Barbara Kingsolver has a new book out. I love Barbara Kingsolver and I want that book. In the interests of sustainability however, I am trying to reduce spending and consume less. So I checked out the local library, and hey presto, they have a copy or three in their catalogue. It was too much to expect it to be sitting on the shelf - oh no, that would not happen to the latest Kingsolver tome - so I placed a hold on it. Two weeks later I was beginning to worry I might have left it too late to go and collect it, so I ducked in today to check on it's progress.

Ho hum, more people in Tasmania like Barbara Kingsolver than I gave them credit for. I'm eighth in line, and with a three week borrowing period, that amounts to at least a three month wait.

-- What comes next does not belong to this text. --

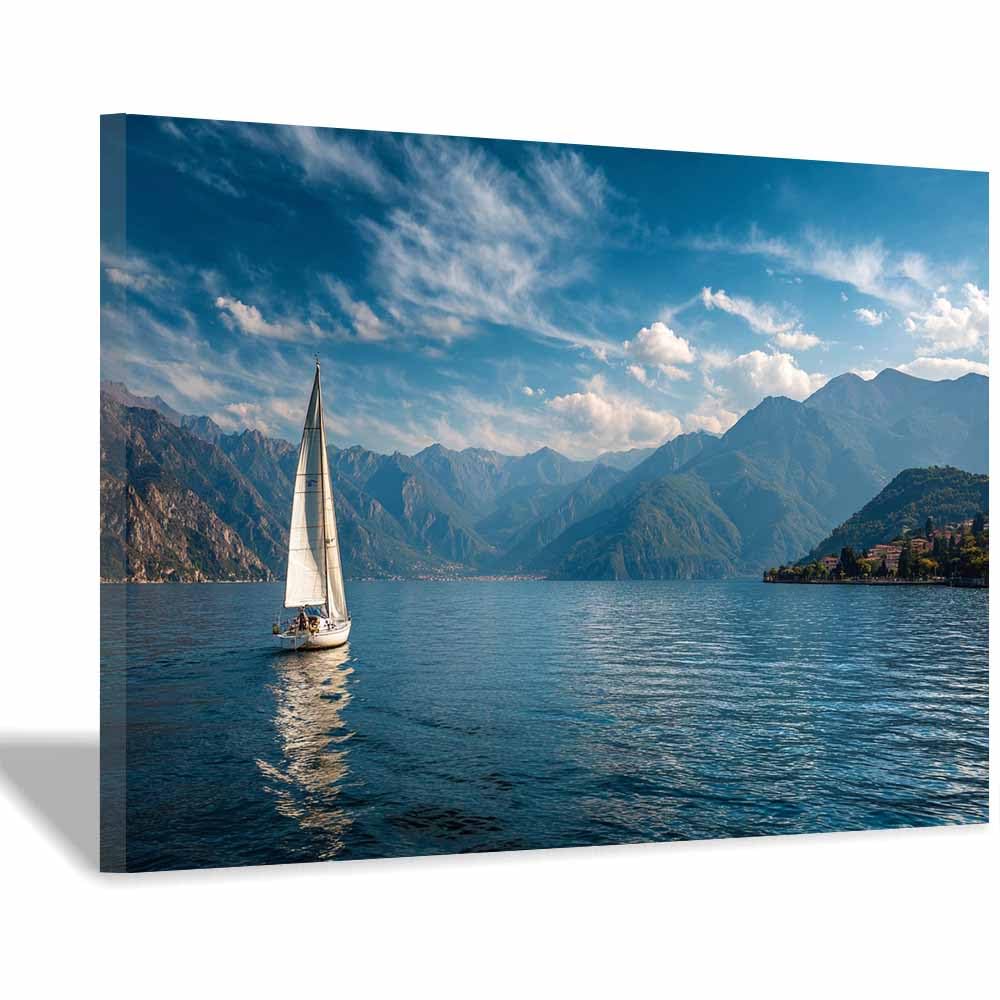 HUYEEI Landscape Wall Art SailBoats on the lake Modern Canvas Print On Artwork, Suitable for living room, bedroom, for Kids Room Decoretc.(blue)-70x100cm Framed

'Three months,' I screeched (quietly, because it was a library), 'I shall have to buy it. Today.'

Then I remembered my commitment to a new way of living (aided by the remembrance that in four weeks I shall be almost penniless), tightened my belt and borrowed 'The Unknown Terrorist' by Richard Flanagan instead (and 'Making Money from Craft' in order to avoid being quite so penniless) .

The restraint, the restraint! (Then again I've read mixed reviews of 'The Lacuna' so maybe it's a good thing I saved my money) For now I'm shocked silly by Flanagan's take on Jesus as a terrorist, but my curiosity is piqued and I must read on.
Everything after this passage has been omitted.